Eleven airplanes you could only call "cute."
- By Patricia Trenner
- Air & Space magazine, May 2006
(Page 3 of 5)
French aeronautical engineer Michael Colomban designed the Cri-Cri in the early 1970s. Some 150 are registered around the world, primarily in France, where a seriously whack owner installed two minuscule turbojet engines on his, resulting in the world’s smallest twin-jet. After selling his MC-10, Lewis Bjork wrote on a Cri-Cri Web site in 2003, “The fellow wanted it shipped via air freight and supposed it would make a good commuter for short trips over the jungle. I suggested he reconsider: engine failures common, can’t start without big drill, needs special fuel. Not to be dissuaded, he claimed to weigh 110 pounds. For him, the airplane will be a rocket ship. He said if I ever come to Bangkok, drop by. I hope he is still happy to see me.”

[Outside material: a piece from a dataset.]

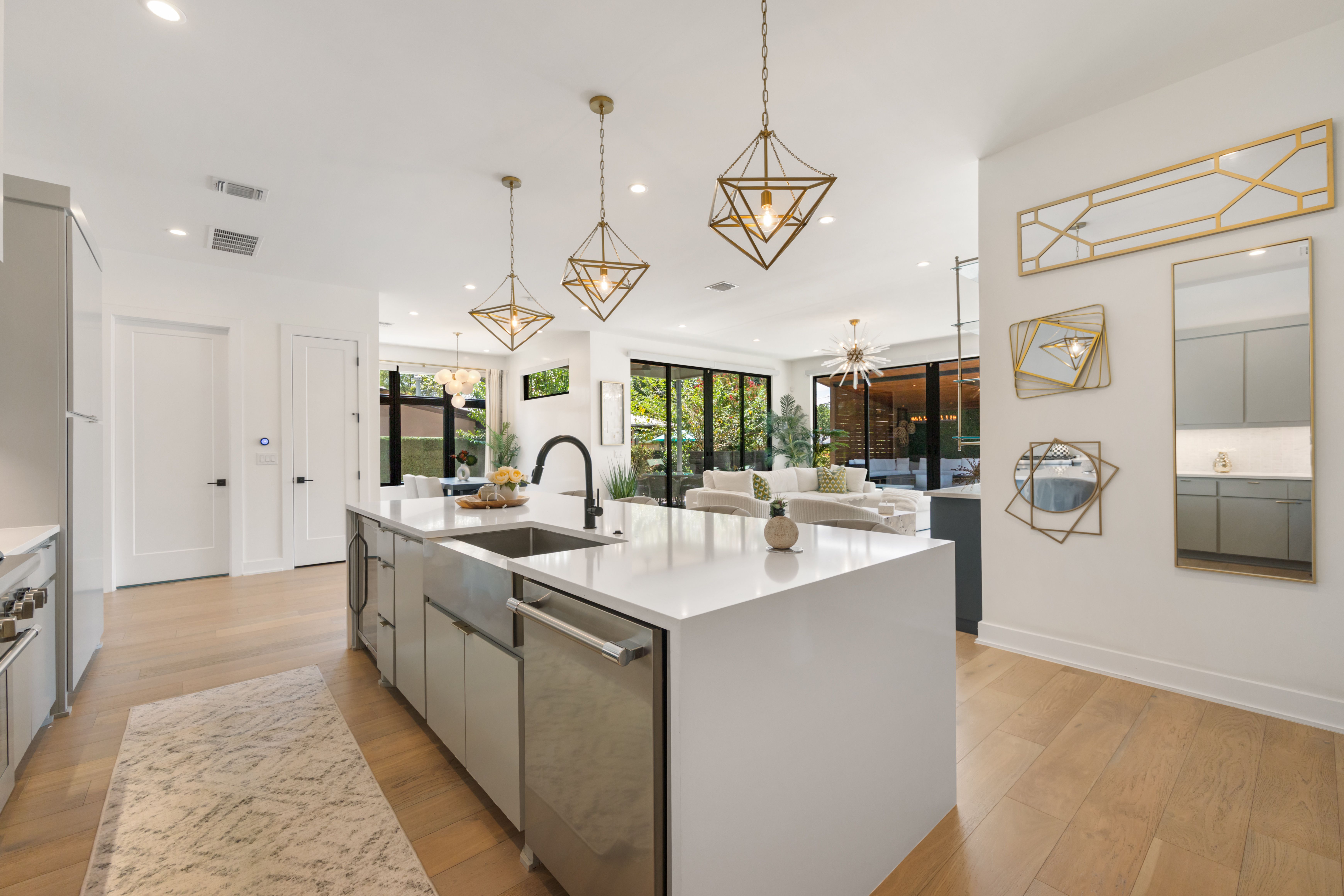5004 Highland Court 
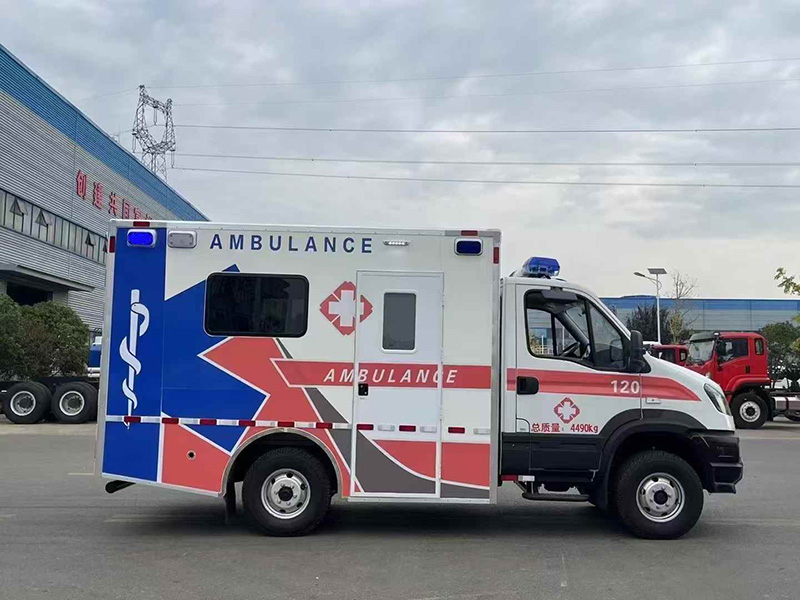 依维柯欧胜四驱越野救护车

Wingspan: 16 feet 5 inches
Length: 12 feet 9 inches
Empty weight: 139 pounds
HM-14 Flying Flea (Pou de Ciel)
The original Tiny Airplane, the Pou de Ciel was designed by Henri Mignet in 1934. The upper wing acted as an elevator and there were no ailerons. Mignet’s original design featured a 17-horsepower motorcycle engine. Later incarnations by homebuilders quadrupled the horsepower and also boosted the number of crashes, which led to a ban on the design in England and France. By the time a fix was in place, the novelty of the Flying Flea had largely worn off.
Wingspan: 18 feet
Length: 13 feet 6 inches
Empty weight: 260 pounds
In 1984 Ray Stits’ son Donald built the monoplane Baby Bird in Camarillo, California, to win the Guinness title of World’s Smallest Monoplane.
Wingspan: 6 feet 3 inches
Length: 11 feet
Empty weight: 252 pounds
Stits Sky Baby SA-2
Ray Stits built the SA-2 biplane in the early 1950s in Riverside, California, for no other reason than to claim it World’s Smallest—clearly, a carrier of the Guinness gene. (Stits was the founder of the Experimental Aircraft Association’s Chapter One, and also devised an eponymous aircraft fabric covering.) The Sky Baby is on display at the EAA museum in Oshkosh, Wisconsin.